The road network has remained identical throughout the period. Public transport (bus only) has remained poor and infrequent.
Until 1967, the old school – which was attached to the old schoolhouse near the war memorial – was used as a village hall. In the early 1970s, the extensions on the side of the old school were demolished, and the remainder of the original building was incorporated into the schoolhouse.
From 1967, the community took over the school building at the far end of the Orlits. By 2000, it was used by the Bowling Club, and for such as Christmas parties, BBQs ‘in hall if wet’, and other celebrations.
To celebrate the Millennium, villagers redecorated the hall, and a mural, Bolton: 1913-2000 and beyond, was made for the inside.
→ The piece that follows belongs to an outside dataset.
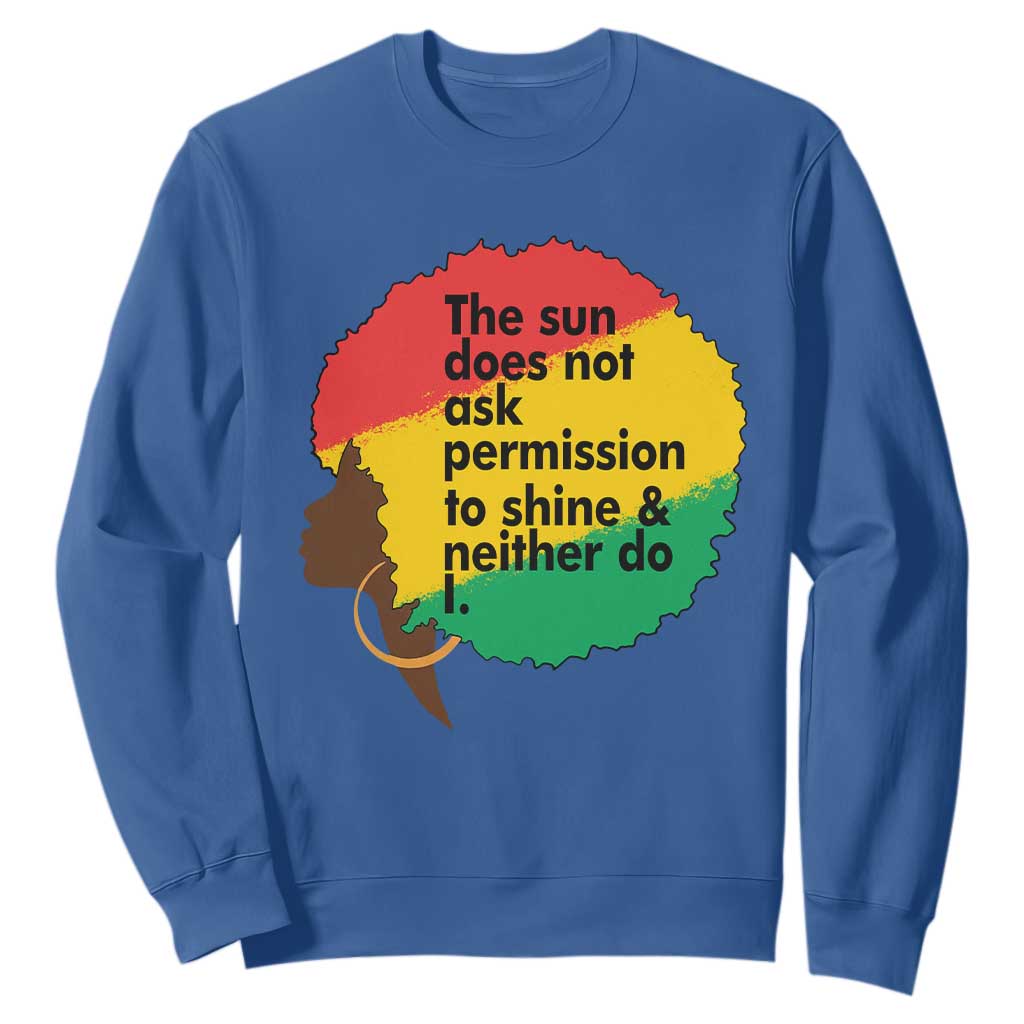 Black Woman Empowerment Sweatshirt The Sun Does Not Ask Permission To Shine - African Pride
The mural was designed and the work organised by Sue Fraser; the children involved all ‘signed’ it with their handprints – Sean (4), Rosie (7), Eve (6), Eleanor (8), Amy N (11), Tom H (13), Thomas P (5), Amy H (11) – and Val (47) and Sharon (35) assisted. Various aspects of the village were portrayed: two children c1913, and two more c2000 (complete with mobile phone and personal stereo, standing in front of the Orlits). The school (now hall), the church, the war memorial and the main tool of the village, the tractor, were all included.
With a declining and ageing population, the village could no longer sustain the number of clubs it once had. The Bolton SWRI, established 1926, finally closed in 1987, when membership had dwindled to just nine.
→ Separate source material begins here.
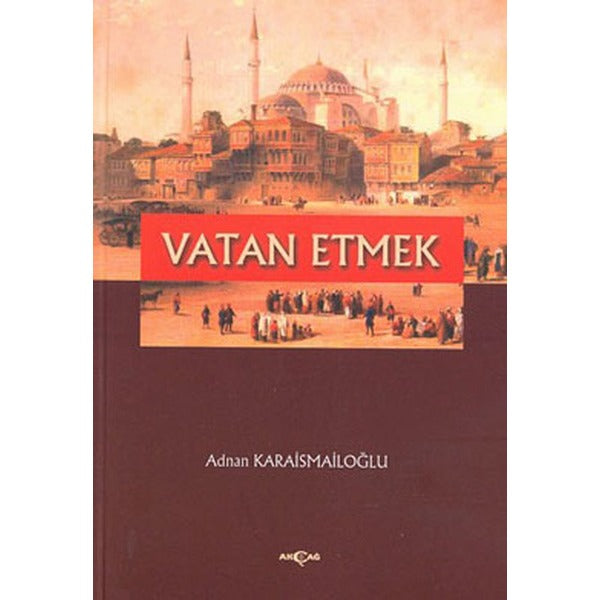 Vatan Etmek | Akçağ Yayınları (Ciltsiz)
A Ladies’ Guild and Sunday school thrived as joint ventures with Saltoun, operating month or week about respectively. The Guild came to an end in the mid 1970s, but the Sunday school continues.
A youth club, again a joint venture with Saltoun – intended for the 11-16 age group, folded in Bolton during the late 1960s, having extended its age range well into the mid 20s! The club’s equipment went to Saltoun.
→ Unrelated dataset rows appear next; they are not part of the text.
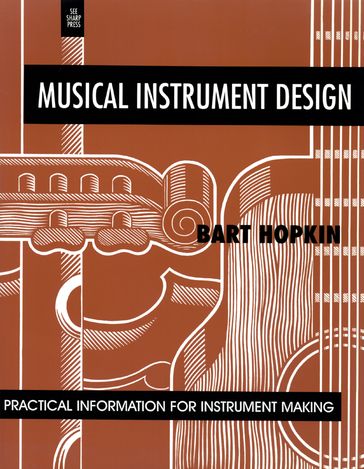 Musical Instrument Design - Bart Hopkin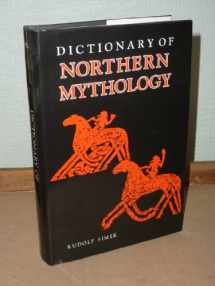 9780859913690-0859913694-Dictionary of Northern Mythology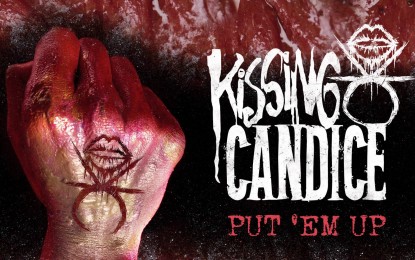 KISSING CANDICE – Ακούστε το ΝΕΟ κομμάτι με τίτλο ‘Put ‘Em Up’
Bolton’s sole surviving club in 2000 was the Bowling Club. Established pre-war, by then it was the only survivor out of about eight in the county that made up the East Lothian Scottish Carpet Bowling Association. The others were – Morham, Garvald, Longyester, Crossroads, The Boggs (Pencaitland), Haddington, and Athelstaneford. Eight players were required for league games. In 2000, Bolton had 16 members, although some came from outwith Bolton. They bowled on a carpet-covered, raised (perhaps 6″) platform some 3′ wide and 24′ long, targetting a tacket or button, on the carpet. In its heyday during the 1950s-80s, the club had 24-30 members. Bolton members were the East Lothian Carpet Bowling Champions in 1944, and the League and Knockout Cup Champions in 1983.